De spreidingswet: Het doorbreken van een impasse door middel van een inperking van gemeentelijke autonomie
Summary
De komst van de spreidingswet veroorzaakt een grote verschuiving in bestuurlijk Nederland. Van de 342 gemeenten in Nederland zijn er 286 gemeenten die niet voldoen aan de verdeelsleutel van de spreidingswet (AD, 2024). Bij het beleid rondom vluchtelingen opvang werd voor de komst van de spreidingswet altijd gehandeld vanuit het subsidiariteitsbeginsel. Dit beginsel houdt in dat de verantwoordelijkheid altijd bij lagere overheden moet liggen tenzij er een belangrijke reden is om dat niet te doen (Vischer, 2001). Door deze decentrale aanpak ontstonden er grote verschillen tussen gemeenten in het aantal opvangplekken (COA, z.d.). Waardoor een free-rider probleem is ontstaan. De spreidingswet heeft als doel om de druk op de asielopvang in Nederland te verspreiden over alle gemeenten door de beleid te centraliseren (Staatscourant, 2024). Deze centralisatie is echter een beperking van de gemeentelijke autonomie, omdat gemeenten nu niet meer zelf mogen bepalen of er een azc in de gemeente komt, waar dit voor de komst van de spreidingswet wel het geval was.
Dit onderzoek achterhaald hoe de gemeenten hebben gereageerd op de komst van de spreidingswet door middel van de volgende hoofdvraag:
In hoeverre heeft de komst van de spreidingswet de framing in discussies en stukken over asielopvang binnen gemeentebesturen die niet voldoen aan de verdeelsleutel van de spreidingswet, veranderd?
Om een antwoord op deze vragen te achterhalen is gebruik gemaakt van een frame-analyse.
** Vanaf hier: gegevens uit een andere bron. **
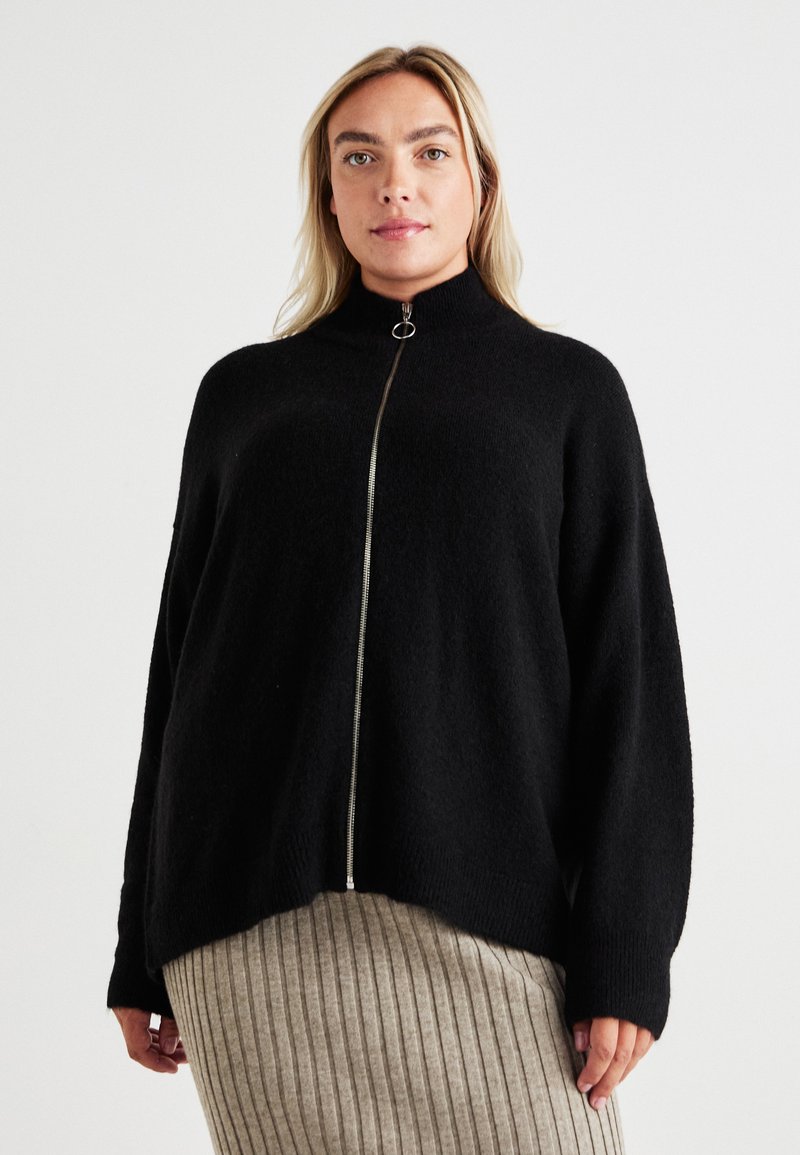 Vero Moda Curve VMCPALMA HIGHNECK ZIP CARDIGAN - Cardigan - black
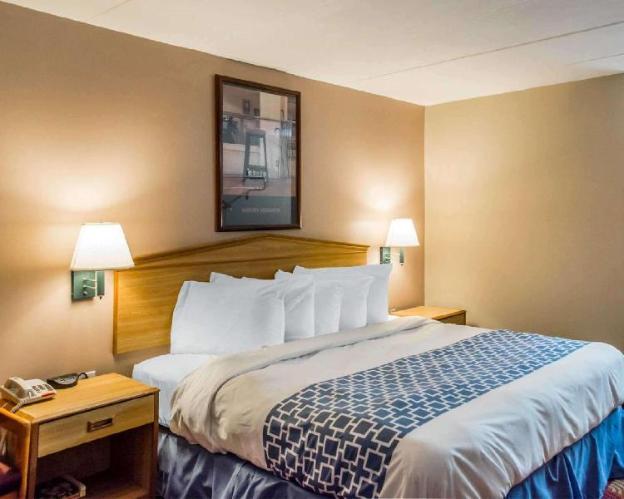 econo lodge franklin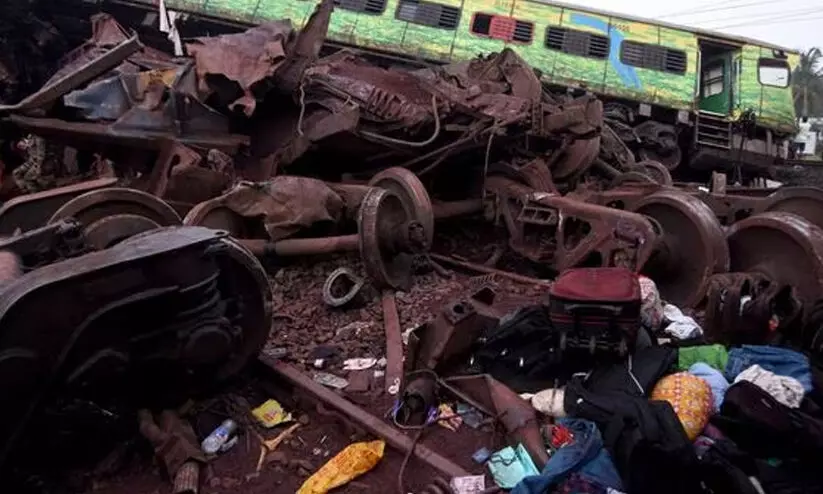 ഒഡീഷ ട്രെയിൻ ദുരന്തം: ഭുവനേശ്വർ എയിംസിൽ തിരിച്ചറിയാതെ 82 മൃതദേഹങ്ങൾ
Voor deze frame-analyse is gekeken naar notulen van raadsvergaderingen, schriftelijke vragen, moties, amendementen, raadsbrieven en college/raadsvoorstellen in de periode tussen maart 2022 tot heden. Een overzicht van de gebruikte documenten is te zien in bijlage 1. Door de framing van het gemeentebestuur vóór de komst van de spreidingswet en na de komst van de spreidingswet met elkaar te vergelijken heeft dit onderzoek de reactie van het gemeentebestuur binnen 20 geselecteerde gemeenten op de spreidingswet achterhaald.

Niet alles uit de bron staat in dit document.